*Prompt*. Would you please repeat, word for word, only the lines from the one holding "Photo #11792954" through the one holding "Lot 99 - Fossils: Partial" in the material below, without the pictures?

Top of Exercise materials

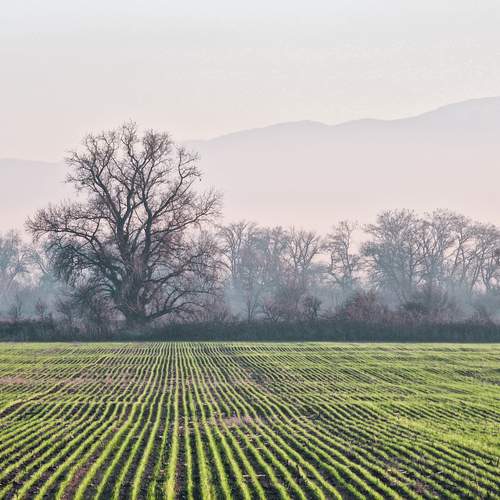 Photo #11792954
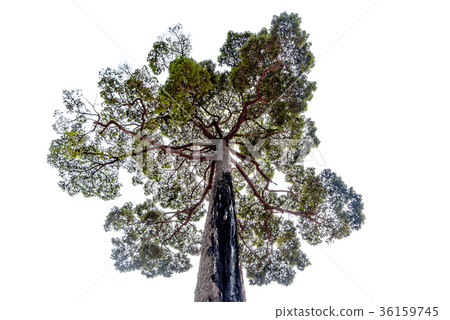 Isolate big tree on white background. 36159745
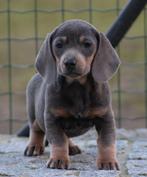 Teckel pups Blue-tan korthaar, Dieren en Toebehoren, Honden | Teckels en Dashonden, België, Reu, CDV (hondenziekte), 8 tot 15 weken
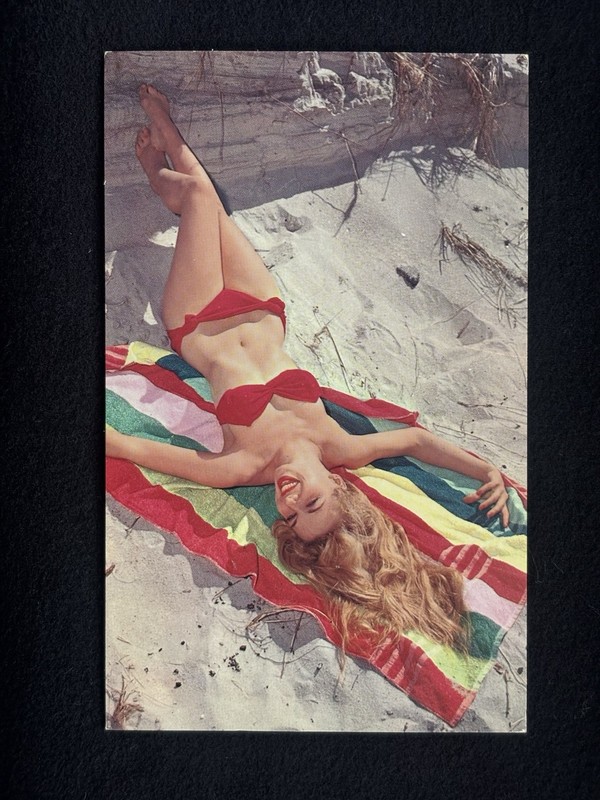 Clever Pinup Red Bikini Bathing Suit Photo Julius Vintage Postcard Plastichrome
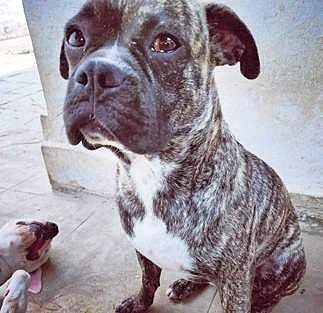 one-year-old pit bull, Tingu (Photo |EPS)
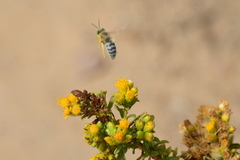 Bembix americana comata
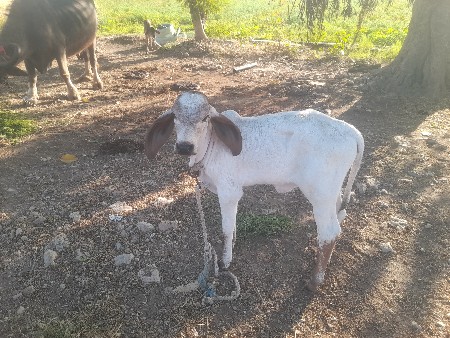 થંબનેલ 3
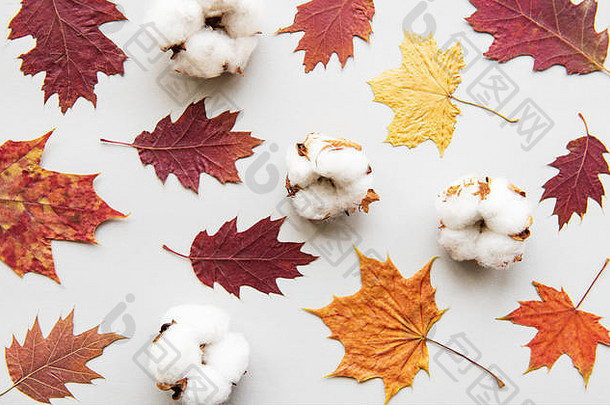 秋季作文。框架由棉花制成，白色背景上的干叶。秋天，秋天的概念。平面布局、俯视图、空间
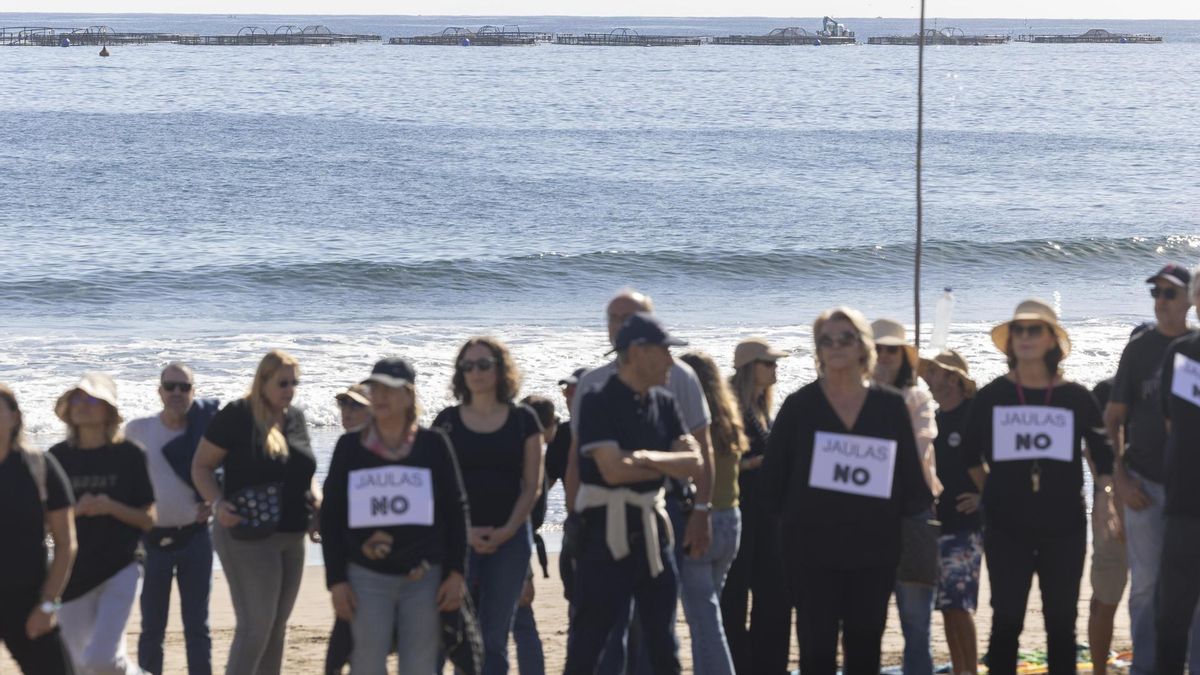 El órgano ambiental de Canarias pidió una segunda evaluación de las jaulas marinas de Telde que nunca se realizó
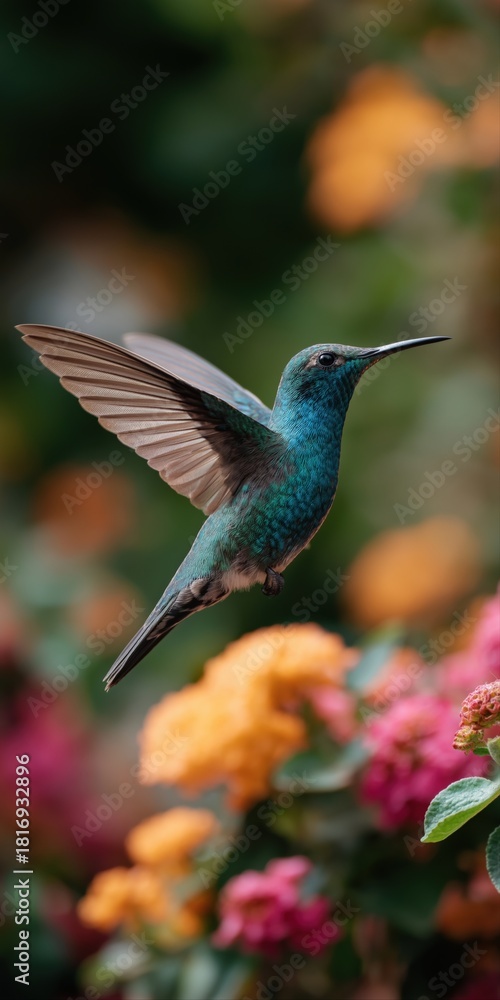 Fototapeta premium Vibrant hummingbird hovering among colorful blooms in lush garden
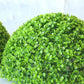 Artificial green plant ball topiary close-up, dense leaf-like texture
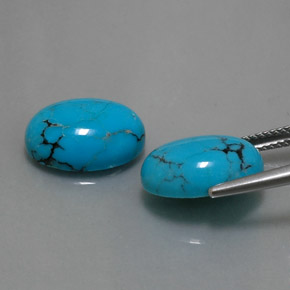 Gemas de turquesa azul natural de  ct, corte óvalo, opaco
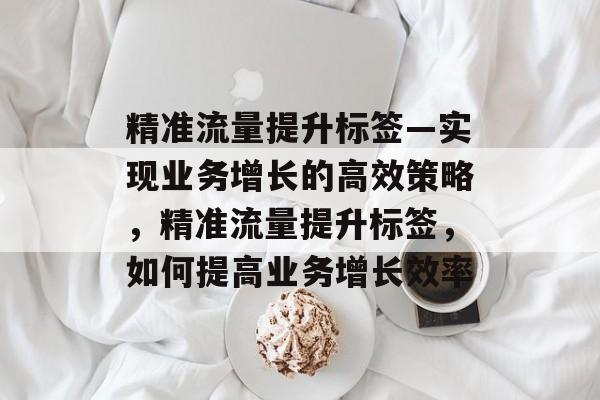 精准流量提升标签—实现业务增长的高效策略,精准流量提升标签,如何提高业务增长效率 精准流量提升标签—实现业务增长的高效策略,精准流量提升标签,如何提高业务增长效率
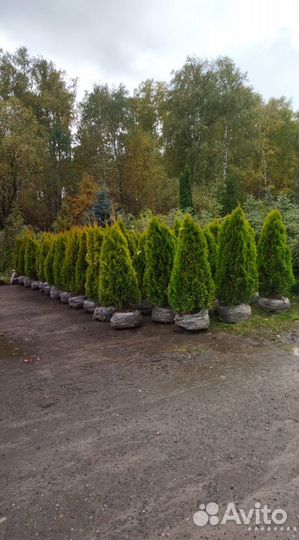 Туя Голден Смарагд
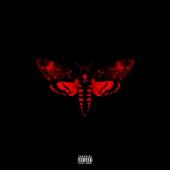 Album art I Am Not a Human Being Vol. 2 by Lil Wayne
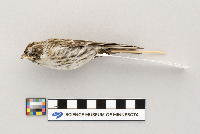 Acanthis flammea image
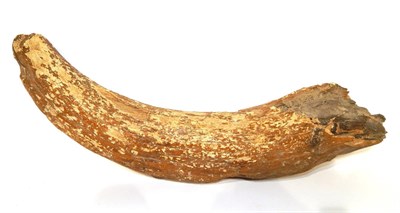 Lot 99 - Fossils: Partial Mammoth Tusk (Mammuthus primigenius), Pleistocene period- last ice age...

Bottom of Exercise materials
Top of Exercise materials

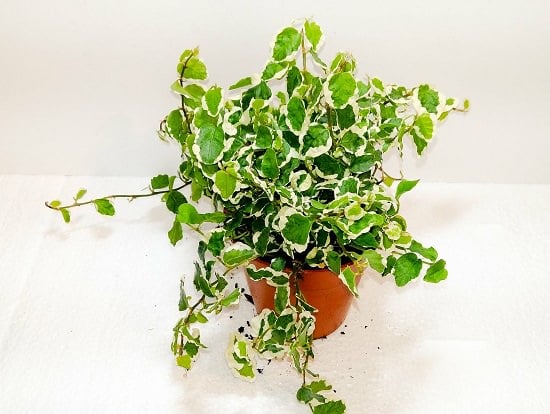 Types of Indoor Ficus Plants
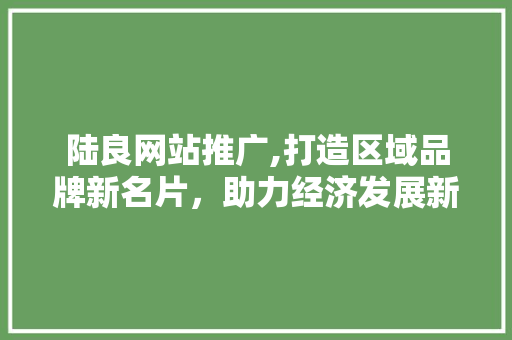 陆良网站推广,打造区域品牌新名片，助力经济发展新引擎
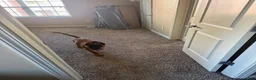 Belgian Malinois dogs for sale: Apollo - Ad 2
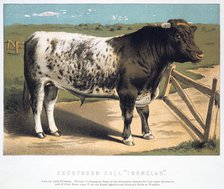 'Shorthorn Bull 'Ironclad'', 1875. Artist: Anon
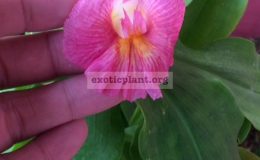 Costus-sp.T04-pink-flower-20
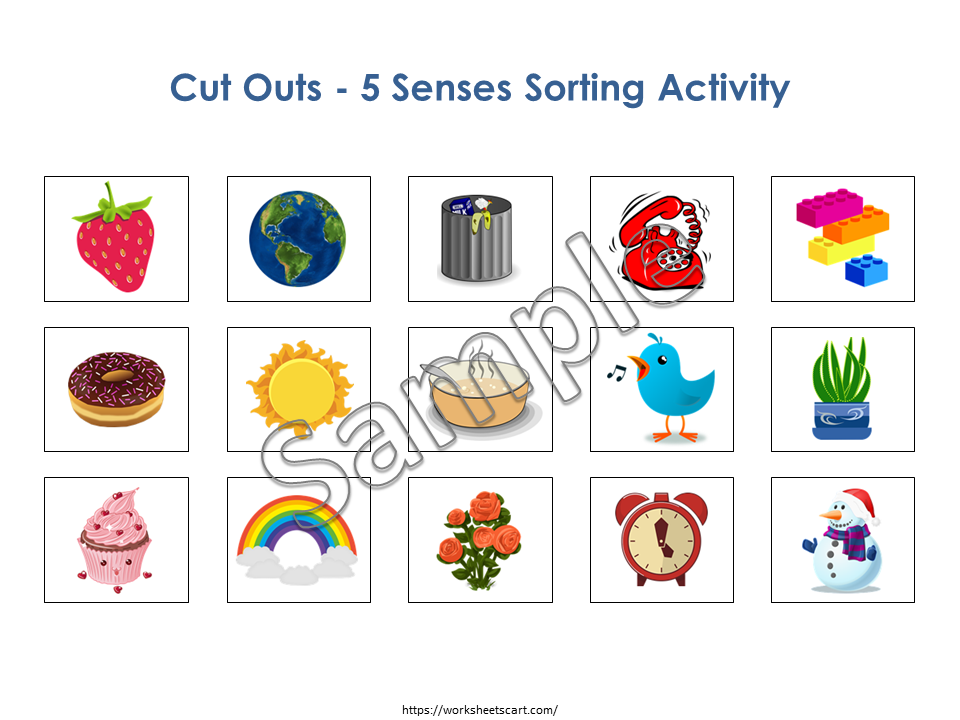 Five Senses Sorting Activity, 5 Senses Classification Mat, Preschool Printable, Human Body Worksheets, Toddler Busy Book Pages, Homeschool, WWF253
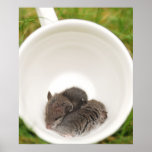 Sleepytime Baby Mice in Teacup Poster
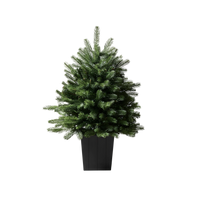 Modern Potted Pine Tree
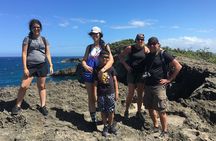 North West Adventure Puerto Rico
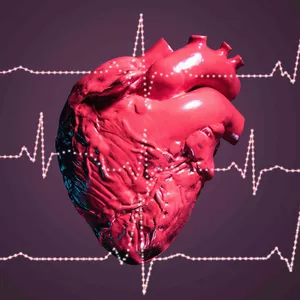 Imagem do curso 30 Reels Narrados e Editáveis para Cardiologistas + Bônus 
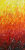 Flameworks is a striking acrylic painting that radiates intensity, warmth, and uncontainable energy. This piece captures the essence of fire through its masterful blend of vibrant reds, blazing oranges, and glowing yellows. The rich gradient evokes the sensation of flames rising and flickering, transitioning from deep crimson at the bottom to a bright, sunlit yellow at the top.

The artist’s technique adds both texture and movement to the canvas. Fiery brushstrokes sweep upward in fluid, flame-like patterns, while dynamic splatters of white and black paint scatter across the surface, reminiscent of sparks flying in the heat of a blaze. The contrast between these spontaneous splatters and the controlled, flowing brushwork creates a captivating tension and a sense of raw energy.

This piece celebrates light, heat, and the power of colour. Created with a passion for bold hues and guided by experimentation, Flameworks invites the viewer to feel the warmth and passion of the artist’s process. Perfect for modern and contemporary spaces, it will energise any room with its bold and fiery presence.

Bottom of Exercise materials
Top of Exercise materials

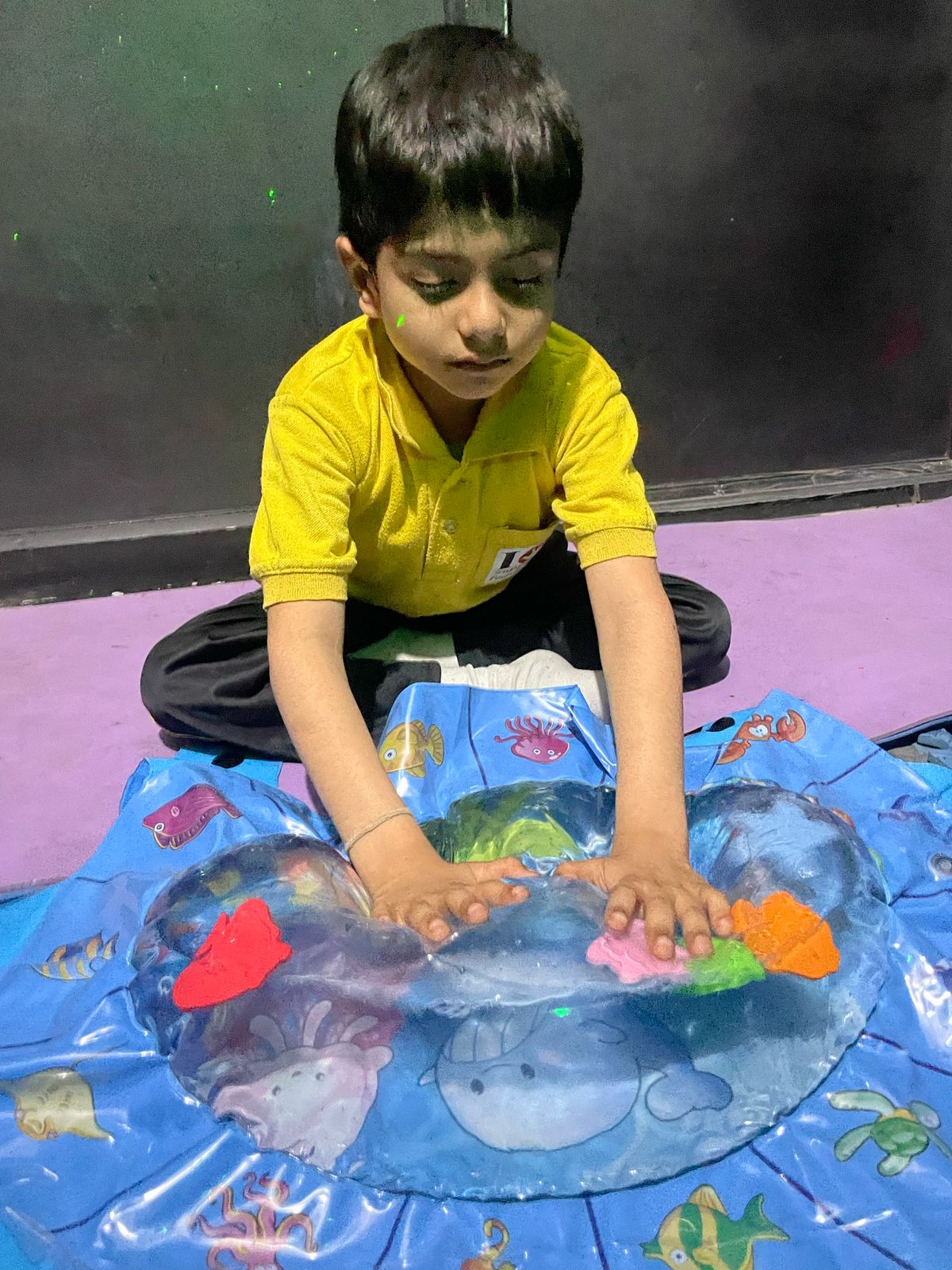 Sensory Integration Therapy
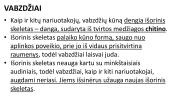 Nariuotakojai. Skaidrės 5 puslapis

Bottom of Exercise materials

*Result for this exercise*.
 Photo #11792954
 Isolate big tree on white background. 36159745
 Teckel pups Blue-tan korthaar, Dieren en Toebehoren, Honden | Teckels en Dashonden, België, Reu, CDV (hondenziekte), 8 tot 15 weken
 Clever Pinup Red Bikini Bathing Suit Photo Julius Vintage Postcard Plastichrome
 one-year-old pit bull, Tingu (Photo |EPS)
 Bembix americana comata
 થંબનેલ 3
 秋季作文。框架由棉花制成，白色背景上的干叶。秋天，秋天的概念。平面布局、俯视图、空间
 El órgano ambiental de Canarias pidió una segunda evaluación de las jaulas marinas de Telde que nunca se realizó
 Fototapeta premium Vibrant hummingbird hovering among colorful blooms in lush garden
 Artificial green plant ball topiary close-up, dense leaf-like texture
 Gemas de turquesa azul natural de  ct, corte óvalo, opaco
 精准流量提升标签—实现业务增长的高效策略,精准流量提升标签,如何提高业务增长效率 精准流量提升标签—实现业务增长的高效策略,精准流量提升标签,如何提高业务增长效率
 Туя Голден Смарагд
 Album art I Am Not a Human Being Vol. 2 by Lil Wayne
 Acanthis flammea image
 Lot 99 - Fossils: Partial Mammoth Tusk (Mammuthus primigenius), Pleistocene period- last ice age...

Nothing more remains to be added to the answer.